Я на днях был на выставке Ансельма Кифера, у которого преобладает черная и пепельная тональность (даже в подсолнухах), а многие картины сделаны целиком из свинца. Нет более актуального художника для современной России, чем этот немец, который до сих обожжен историей своей страны (он родился в 1945). На одном из его полотен — «Пути к мировой мудрости. Битва Германна (1976) — портреты Канта, Фихте, Гете, Шиллера, Клейста, Вагнера на фоне битвы Германна, который героизировался в нацистской Германии.

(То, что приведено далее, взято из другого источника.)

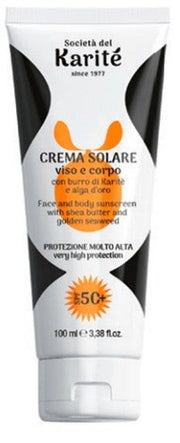 Karité Crème solaire visage et corps SPF 50+ 100 ml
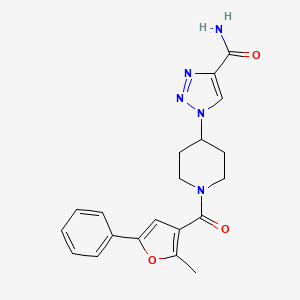 1-[1-(2-Methyl-5-phenylfuran-3-carbonyl)piperidin-4-yl]triazole-4-carboxamide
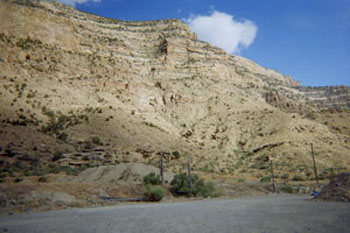 massive outcropping east of Grand Junction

И они, эти великие, тоже прямо или косвенно причастны к трагедии «сверхнарода», гордого своим величием и разрешившего себе «кровь по совести».

Российское общество нуждается в новом уровне самосознания, в критике даже таких «незыблемых основ», которые выражаются понятиями «народ», «победа», «подвиг», «земля», «Россия», «родина», «сила», «единство», «целостность», «слава»… Казалось бы, что плохого в таких словах, как «великая Россия», «русский мир» или «Россия превыше всего»? Но подставим сюда, например, Германию — и поймем, почему для современных, вменяемых немцев невозможно так мыслить о себе в стране, вот уже семьдесят лет выздоравливающей от нацизма. А наше тоталитарное прошлое гораздо глубже, попытки же очищения от него были поверхностными и затрагивали лишь узкий слой общества. Двенадцати лет тоталитарного неистовства хватило Германии, чтобы опамятоваться, а Россия уже второй раз попадает в тот же капкан, из которого четверть века назад выбралась вроде бы невредимой, почти бескровно. Только теперь становится ясно, какие огромные задачи нам предстоят: не просто декоммунизация, но деархаизация общества.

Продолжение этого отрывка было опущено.